* [EXERCISE DETAILS]
Pictures must not appear; the answer is exactly the lines from the one that holds "117 Hollick-Kenyon Way, Edmonton, AB" through the end of the material.

--- SUPPLIED DATA ---

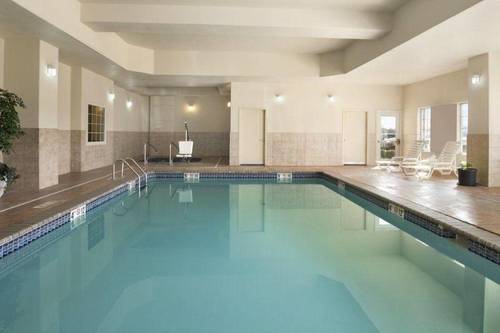 Country Inn & Suites Oklahoma City North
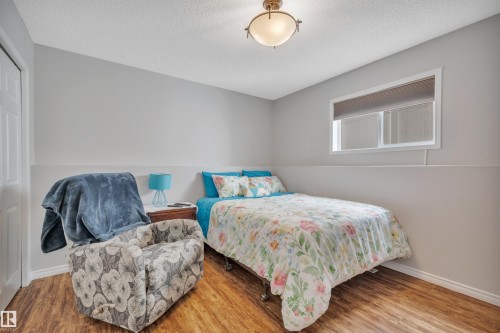 117 Hollick-Kenyon Way, Edmonton, AB - Indoor Photo Showing Bedroom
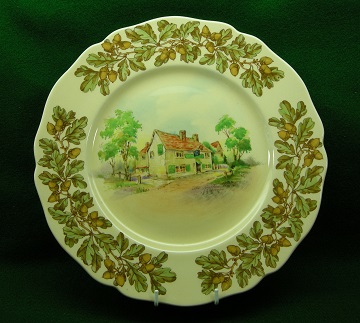 Royal Doulton Old English Inns D6072 Plate - Dinner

---

* [RESULT FOR THIS EXERCISE]
 117 Hollick-Kenyon Way, Edmonton, AB - Indoor Photo Showing Bedroom
 Royal Doulton Old English Inns D6072 Plate - Dinner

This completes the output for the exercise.